The Labour Party's crushing defeat at the hands of turned-off voters will bring the left-wing party a new leader ending Jeremy Corbyn's unsuccessful reign and give it an urgent task: To recover the allegiance of its core working class voters.
Traditional Labour voters in the north and central parts of England deserted the party in droves, allowing Prime Minister Boris Johnson's Conservatives for decades seen by Labour backers as the anti-union party of the London elite to make unprecedented gains.
Johnson's clarion call to get Brexit done proved more appealing than Corbyn's two-pronged approach, which raised the prospect of yet more delay in the already slow Brexit process.
It will fall to a new leader to come up with a strategy that might bring the party back to power, or at least restore it as a credible opposition force. Corbyn said Friday he will not lead Labour into another general election, but resisted calls to step down immediately.
He later said an internal election to choose a new party leader to replace him will take place early next year and that he will step down then.
Corbyn's party did relatively well in the 2017 vote, depriving Theresa May of a majority in Parliament, but imploded in Thursday's election. Corbyn was bedeviled by concerns about his fuzzy Brexit policy, the cost of the party's ambitious social plans, and worries about perceived tolerance of anti-Semitism in his inner circle.
As bitter recriminations began about the failed campaign, former Labour Party Home Secretary Alan Johnson called Corbyn a disaster on the doorstep. Everyone knew that he couldn't lead the working class out of a paper bag."
The results also showed that the ever-cheerful Johnson fond of saying Britain is the greatest country in the world connected more easily with voters than the often-dour Corbyn, whose claims that Labour would address rising inequality did not gain traction.
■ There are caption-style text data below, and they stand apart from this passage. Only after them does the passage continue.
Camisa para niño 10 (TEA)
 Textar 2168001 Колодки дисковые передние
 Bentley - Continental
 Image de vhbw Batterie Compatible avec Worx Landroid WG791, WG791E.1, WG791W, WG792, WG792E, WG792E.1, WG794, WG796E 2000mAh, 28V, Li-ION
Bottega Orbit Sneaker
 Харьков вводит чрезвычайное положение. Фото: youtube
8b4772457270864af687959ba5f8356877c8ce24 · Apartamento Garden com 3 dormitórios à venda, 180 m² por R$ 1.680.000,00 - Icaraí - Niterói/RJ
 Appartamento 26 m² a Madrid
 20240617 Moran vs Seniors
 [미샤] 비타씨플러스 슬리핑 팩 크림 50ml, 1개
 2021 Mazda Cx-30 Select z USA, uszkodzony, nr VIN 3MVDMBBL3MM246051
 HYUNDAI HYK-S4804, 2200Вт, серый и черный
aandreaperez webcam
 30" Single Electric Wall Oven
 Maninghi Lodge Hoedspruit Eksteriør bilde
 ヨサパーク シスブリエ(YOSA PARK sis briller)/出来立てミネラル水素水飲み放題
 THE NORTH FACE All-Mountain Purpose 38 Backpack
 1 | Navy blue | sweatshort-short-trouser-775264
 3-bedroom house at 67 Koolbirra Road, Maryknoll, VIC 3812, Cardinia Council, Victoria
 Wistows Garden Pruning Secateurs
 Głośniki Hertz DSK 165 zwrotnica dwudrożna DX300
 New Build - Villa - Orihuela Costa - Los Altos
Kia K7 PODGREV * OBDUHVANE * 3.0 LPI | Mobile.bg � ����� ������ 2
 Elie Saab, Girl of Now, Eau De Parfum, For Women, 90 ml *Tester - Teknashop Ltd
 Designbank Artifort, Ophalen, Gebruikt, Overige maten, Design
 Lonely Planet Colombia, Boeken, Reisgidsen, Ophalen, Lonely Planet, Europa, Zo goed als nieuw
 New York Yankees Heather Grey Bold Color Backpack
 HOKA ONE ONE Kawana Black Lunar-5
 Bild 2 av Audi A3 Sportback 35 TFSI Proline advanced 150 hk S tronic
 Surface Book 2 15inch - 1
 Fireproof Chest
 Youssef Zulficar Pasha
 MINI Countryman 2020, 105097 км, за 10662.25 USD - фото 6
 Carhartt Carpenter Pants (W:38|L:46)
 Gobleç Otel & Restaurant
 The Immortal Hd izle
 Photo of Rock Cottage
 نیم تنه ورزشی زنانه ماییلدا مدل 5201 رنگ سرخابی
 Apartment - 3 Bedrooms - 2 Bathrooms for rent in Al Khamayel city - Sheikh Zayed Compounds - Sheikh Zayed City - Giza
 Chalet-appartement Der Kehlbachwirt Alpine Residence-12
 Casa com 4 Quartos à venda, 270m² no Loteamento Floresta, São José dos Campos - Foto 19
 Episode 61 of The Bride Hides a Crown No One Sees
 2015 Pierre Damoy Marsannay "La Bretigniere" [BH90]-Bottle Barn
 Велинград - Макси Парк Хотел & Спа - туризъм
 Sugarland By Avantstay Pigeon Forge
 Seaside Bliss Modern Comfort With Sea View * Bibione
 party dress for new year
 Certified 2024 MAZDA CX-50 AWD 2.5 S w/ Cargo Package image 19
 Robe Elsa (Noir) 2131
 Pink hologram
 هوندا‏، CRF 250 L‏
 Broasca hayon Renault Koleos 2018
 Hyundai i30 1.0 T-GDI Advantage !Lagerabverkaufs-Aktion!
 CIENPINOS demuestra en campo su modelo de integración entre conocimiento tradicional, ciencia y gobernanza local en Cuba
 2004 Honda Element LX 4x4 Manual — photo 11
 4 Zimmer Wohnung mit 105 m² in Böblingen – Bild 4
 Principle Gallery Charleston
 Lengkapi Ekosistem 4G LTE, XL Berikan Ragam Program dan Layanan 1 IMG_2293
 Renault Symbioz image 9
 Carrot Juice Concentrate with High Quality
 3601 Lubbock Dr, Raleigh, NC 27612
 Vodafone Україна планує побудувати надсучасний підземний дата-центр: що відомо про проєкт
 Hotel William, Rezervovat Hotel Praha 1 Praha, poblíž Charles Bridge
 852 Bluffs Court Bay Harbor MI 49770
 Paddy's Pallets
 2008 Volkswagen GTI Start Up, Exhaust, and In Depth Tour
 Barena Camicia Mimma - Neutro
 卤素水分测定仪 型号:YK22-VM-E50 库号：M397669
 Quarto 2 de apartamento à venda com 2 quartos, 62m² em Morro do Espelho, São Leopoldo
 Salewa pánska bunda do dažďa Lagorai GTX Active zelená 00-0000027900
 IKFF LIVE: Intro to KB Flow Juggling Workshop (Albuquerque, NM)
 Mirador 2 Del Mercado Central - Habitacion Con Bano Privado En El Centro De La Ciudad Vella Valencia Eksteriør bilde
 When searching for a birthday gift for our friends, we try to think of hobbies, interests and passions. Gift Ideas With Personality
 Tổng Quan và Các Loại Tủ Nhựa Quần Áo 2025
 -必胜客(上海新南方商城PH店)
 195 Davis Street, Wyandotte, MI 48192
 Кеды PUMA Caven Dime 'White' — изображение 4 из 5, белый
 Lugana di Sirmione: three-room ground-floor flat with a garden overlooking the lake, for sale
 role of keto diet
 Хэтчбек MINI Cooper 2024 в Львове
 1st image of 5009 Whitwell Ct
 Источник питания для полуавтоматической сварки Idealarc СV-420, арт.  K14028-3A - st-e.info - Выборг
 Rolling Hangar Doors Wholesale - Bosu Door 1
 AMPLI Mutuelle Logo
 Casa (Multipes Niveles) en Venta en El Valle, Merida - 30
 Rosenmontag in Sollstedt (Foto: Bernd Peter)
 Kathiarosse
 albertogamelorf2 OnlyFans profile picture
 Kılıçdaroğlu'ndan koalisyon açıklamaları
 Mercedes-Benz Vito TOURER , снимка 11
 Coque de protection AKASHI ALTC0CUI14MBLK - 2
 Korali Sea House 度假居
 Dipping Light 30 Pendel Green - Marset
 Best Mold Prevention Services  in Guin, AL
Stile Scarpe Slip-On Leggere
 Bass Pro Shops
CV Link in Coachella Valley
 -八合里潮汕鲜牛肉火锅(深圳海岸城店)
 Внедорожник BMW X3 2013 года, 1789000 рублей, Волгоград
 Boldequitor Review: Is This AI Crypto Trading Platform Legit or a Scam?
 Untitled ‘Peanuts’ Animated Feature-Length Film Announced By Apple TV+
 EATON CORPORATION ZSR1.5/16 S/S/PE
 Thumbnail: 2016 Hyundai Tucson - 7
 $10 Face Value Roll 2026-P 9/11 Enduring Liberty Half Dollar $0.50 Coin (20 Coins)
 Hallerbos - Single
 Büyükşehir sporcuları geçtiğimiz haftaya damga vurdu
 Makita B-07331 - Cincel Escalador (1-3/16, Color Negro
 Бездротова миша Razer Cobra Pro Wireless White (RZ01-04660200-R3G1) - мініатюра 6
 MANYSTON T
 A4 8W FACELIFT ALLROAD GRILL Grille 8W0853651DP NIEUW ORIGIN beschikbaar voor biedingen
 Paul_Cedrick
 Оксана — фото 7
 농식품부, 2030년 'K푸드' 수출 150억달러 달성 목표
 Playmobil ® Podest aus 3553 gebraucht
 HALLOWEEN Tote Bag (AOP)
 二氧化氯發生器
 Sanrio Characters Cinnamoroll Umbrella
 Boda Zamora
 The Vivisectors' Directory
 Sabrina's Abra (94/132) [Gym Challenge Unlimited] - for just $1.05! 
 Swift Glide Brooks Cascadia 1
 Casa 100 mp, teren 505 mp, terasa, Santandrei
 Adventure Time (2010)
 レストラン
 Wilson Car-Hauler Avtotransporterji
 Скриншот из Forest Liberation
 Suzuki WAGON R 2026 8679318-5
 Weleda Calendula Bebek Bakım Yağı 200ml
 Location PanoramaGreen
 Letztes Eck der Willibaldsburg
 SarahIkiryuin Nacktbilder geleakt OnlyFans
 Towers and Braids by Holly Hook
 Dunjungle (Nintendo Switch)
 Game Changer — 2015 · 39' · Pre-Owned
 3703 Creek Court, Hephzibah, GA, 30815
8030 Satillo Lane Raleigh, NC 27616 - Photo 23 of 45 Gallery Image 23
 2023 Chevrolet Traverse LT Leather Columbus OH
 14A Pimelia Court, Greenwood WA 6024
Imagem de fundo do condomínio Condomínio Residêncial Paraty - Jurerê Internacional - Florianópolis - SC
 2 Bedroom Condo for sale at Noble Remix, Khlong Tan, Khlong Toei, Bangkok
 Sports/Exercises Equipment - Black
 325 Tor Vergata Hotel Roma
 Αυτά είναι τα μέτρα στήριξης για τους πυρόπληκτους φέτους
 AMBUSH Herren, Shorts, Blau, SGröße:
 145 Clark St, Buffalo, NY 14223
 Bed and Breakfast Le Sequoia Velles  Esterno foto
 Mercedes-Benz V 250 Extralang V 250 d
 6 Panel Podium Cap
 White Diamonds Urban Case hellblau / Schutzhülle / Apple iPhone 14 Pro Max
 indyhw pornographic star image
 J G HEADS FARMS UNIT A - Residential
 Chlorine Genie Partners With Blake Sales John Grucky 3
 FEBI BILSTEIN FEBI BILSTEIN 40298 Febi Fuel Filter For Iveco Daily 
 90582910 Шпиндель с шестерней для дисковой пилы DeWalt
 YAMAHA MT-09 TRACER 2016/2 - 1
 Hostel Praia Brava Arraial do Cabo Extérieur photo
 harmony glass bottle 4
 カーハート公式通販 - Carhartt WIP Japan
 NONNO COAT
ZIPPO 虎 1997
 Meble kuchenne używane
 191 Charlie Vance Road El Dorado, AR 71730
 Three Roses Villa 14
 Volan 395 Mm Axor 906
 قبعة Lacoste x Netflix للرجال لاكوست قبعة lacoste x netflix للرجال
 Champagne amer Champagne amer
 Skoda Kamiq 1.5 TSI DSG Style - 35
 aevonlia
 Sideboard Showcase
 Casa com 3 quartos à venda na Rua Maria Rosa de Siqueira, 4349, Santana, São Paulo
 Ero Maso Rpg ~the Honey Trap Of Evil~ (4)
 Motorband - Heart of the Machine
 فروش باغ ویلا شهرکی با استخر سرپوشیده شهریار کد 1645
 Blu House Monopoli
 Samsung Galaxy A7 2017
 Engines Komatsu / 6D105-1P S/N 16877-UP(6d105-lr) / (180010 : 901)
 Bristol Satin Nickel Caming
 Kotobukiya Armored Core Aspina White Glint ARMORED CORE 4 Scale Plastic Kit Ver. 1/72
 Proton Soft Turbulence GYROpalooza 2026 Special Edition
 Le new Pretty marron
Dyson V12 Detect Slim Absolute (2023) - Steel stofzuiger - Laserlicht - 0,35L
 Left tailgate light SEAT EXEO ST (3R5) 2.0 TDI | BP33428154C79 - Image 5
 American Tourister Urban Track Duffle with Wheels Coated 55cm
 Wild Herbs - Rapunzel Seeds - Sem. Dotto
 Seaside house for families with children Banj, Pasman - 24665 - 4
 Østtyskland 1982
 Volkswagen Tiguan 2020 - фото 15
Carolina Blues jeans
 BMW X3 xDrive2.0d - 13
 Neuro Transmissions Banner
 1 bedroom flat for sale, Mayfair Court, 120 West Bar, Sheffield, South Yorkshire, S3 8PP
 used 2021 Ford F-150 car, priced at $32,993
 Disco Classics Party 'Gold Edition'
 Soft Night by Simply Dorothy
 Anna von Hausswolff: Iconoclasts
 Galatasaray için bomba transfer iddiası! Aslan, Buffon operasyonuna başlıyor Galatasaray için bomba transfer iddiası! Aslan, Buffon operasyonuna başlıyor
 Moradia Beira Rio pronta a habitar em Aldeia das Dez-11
Ian Murray, a Labour legislator who won re-election in Scotland, said the party's existence will be threatened if it doesn't learn from the across-the-board defeats. This party must listen, this party must respond, or this party will die, he warned. He said the party needs not just to replace Corbyn but also to change the world view he brought to the leadership.
For the sake of the Labour movement, for the sake of the Labour Party, but more importantly for the sake of the country, not only does the person have to go but the policy and the ideology has to go as well, he said.
Corbyn early Friday indicated his desire to preside over a period of reflection in which the party would regroup, a strategy that seems designed to make sure that Corbynism his embrace of European-style socialism with an expanded role for the state does not end once he is replaced.
He may face stiff opposition, however, from Labour figures who want the party to move back to the political center, as defined by more successful figures including Tony Blair, Gordon Brown and even Ed Miliband, who was beaten by the Conservatives in 2015 but did not suffer a drubbing of this magnitude.